• April 18, 2024

Britain, or perhaps the UK, is winning, or maybe losing, the illicit tobacco trade war

Britain is said to be ‘winning the war’ against tobacco smugglers who supply addicted smokers deliberately pushed out of the licit market by government policies aimed at making cigarettes too expensive for the financially less well off.

According to a story by Denis Campbell for The Guardian quoting a report on the illicit tobacco trade by the all parliamentary group on smoking and health, 20 per cent of the cigarettes smoked in Britain during 2000 came from the black market, whereas by 2010-11 the illicit share had fallen to nine per cent.
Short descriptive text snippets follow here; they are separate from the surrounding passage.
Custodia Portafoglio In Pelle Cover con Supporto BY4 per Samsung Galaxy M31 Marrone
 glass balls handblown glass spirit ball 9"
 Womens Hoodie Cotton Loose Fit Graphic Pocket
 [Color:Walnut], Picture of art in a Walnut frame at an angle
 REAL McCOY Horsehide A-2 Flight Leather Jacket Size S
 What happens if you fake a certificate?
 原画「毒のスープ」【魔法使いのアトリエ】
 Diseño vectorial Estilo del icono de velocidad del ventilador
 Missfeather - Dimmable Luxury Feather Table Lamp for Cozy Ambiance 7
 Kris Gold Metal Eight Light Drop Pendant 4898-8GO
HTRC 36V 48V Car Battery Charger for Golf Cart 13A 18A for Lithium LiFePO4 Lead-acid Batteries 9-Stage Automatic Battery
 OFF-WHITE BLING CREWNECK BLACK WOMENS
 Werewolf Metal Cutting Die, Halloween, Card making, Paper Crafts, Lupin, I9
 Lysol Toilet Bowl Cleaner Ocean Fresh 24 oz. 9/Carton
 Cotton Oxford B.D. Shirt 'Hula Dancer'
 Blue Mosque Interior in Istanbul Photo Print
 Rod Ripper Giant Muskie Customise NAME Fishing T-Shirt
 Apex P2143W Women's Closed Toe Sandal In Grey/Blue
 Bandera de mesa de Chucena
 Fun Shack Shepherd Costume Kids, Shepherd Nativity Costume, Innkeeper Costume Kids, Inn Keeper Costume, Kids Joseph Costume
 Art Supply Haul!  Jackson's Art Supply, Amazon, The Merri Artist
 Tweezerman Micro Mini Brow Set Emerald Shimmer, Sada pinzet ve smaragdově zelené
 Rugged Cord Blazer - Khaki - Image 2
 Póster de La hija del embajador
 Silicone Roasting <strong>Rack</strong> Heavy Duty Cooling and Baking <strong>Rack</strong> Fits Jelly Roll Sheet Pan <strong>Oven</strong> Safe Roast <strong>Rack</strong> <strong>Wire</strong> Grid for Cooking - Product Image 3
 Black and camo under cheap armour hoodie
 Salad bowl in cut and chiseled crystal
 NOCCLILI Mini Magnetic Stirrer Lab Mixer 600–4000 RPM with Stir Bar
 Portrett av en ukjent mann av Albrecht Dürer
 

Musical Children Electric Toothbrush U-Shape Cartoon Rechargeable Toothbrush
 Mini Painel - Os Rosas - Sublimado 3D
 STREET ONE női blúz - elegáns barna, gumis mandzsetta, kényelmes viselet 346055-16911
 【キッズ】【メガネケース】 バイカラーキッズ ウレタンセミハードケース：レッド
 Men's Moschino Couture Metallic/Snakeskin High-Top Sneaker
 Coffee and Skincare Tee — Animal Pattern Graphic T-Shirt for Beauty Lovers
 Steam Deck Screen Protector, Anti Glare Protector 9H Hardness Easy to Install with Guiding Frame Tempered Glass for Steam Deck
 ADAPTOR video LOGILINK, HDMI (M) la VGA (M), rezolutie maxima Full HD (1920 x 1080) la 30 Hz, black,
Over the same period, the group was said to have found that the share of the UK’s hand-rolling tobacco accounted for by the illicit trade fell from 60 per cent to 38 per cent.

The group put the drop in the illicit trade down to joint action by HM Revenue & Customs and the UK Border Agency, partnerships involving local police forces, councils and National Health Service organizations.

Meanwhile, the Tobacco Manufacturers’ Association claimed that more recent data showed that the level of cigarettes consumed that were not UK tax paid [some of which would have been imported legally] had risen from 17 per cent in 2011 to 21 per cent in 2012.

Two things stand out. One is that it is not clear whether it is the illicit trade of the UK or of just Britain that has been studied. Taken at face value, the group looked at the illicit trade in cigarettes in Britain and the illicit trade in hand-rolling tobacco in the UK, whereas the TMA-quoted data is about illicit cigarettes in the UK.

The other is that the various factions in this debate are currently jockeying for position ahead of the government’s decision on whether to impose standardized tobacco packaging. A low level of illicit trade in tobacco products would, in some people’s view, tend to favor such an imposition, while a high level would, in other people’s view, tend to argue against standardized packaging.